They're all connected to the network too. They all represent potential points of entry. So definitely we need to move the conversation onto one that's much more about visibility. And that doesn't have to be about fear, uncertainty and doubt. That's just about how do I first of all accept that I don't have it right now and what steps do I need to take in order to uncover and discover all of those things that I'm currently blind to.

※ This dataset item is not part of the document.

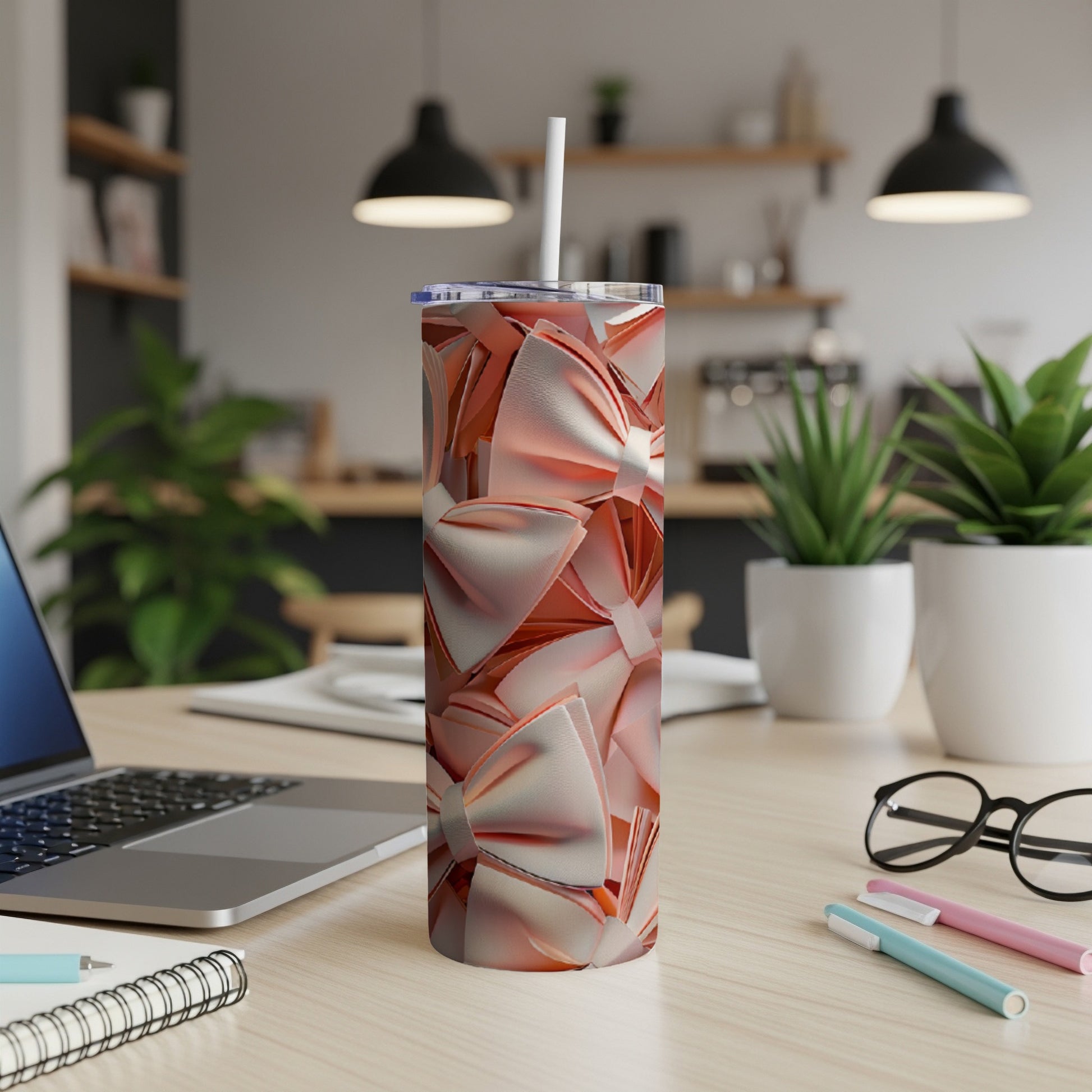 Pink ribbon pattern on a tumbler with a straw, on a desk.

And then associated with that conversation about visibility, we need to then frame the actions to be taken in terms of risk. Because risk in itself isn't a bad thing and you get to make your own decisions about risk. One of which, and it's perfectly valid, is to accept risk. As long as you know about it, it might be exactly the right business decision to make to say, okay, I'm aware of that risk now and it's in my risk register and I accept that risk. Or you might say, I'm going to mitigate that risk and here's my strategy to do that. Or you say I'm going to offset that risk and get some insurance or whatever is and have somebody else take on the financial and responsibility for that risk because I pay them some money. But you have those choices to make. None of those are about fear, uncertainty and doubt. They're about certainty, they're about being informed and then making the right decision for your business.
Joseph Carson:
Absolutely. And now when you're mentioning that, I always remember going back to... this was a pinnacle change in my career was, it was during a penetration test where I was helping a CSO basically do a penetration test, during assessment and we found some vulnerabilities. But when we presented it back to the board, because the CSO wanted to basically to get an increase in budget to be able to install some new tools in the following budget year. And we basically, the plan was to scare the board to getting the budget. And basically when we went in and we presented it was a realization actually ultimately the budget was denied and the CEO and CFO came and sat down and says, the budget's been denied, he did a great presentation, he scared us and we now know a lot more about security but we don't measure our basically budget decisions based on how you present it.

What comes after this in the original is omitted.